### TASK STATEMENT
Reproduce the records below exactly, but leave their pictures out of the copy.

[Short web captions]

+++++

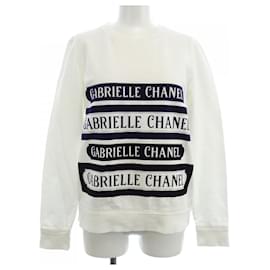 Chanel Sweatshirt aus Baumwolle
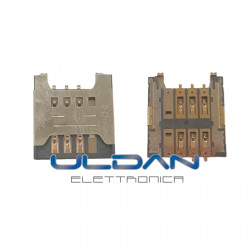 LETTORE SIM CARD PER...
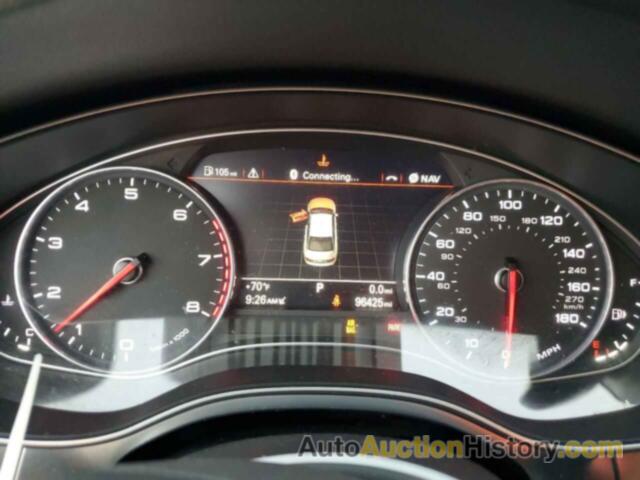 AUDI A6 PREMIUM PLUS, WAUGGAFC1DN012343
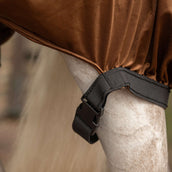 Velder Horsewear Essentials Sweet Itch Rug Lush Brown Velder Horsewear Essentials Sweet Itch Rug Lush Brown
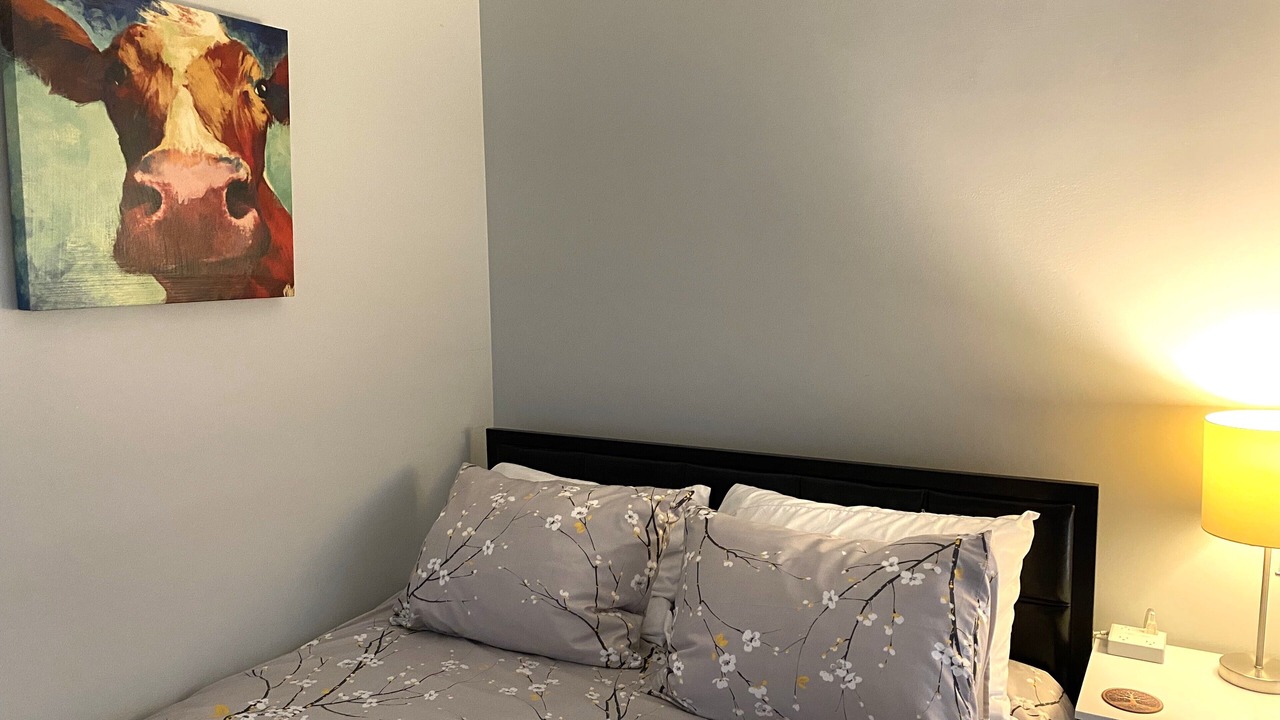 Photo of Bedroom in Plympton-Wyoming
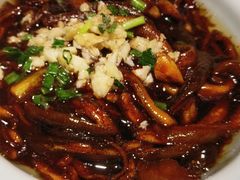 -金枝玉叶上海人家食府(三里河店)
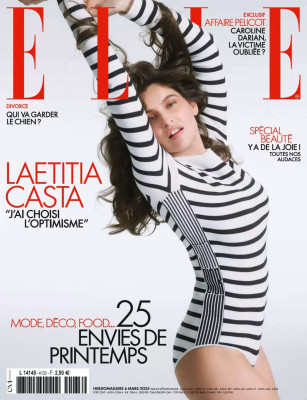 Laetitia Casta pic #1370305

+++++

### EXPECTED ANSWER
 Chanel Sweatshirt aus Baumwolle
 LETTORE SIM CARD PER...
 AUDI A6 PREMIUM PLUS, WAUGGAFC1DN012343
 Velder Horsewear Essentials Sweet Itch Rug Lush Brown Velder Horsewear Essentials Sweet Itch Rug Lush Brown
 Photo of Bedroom in Plympton-Wyoming
 -金枝玉叶上海人家食府(三里河店)
 Laetitia Casta pic #1370305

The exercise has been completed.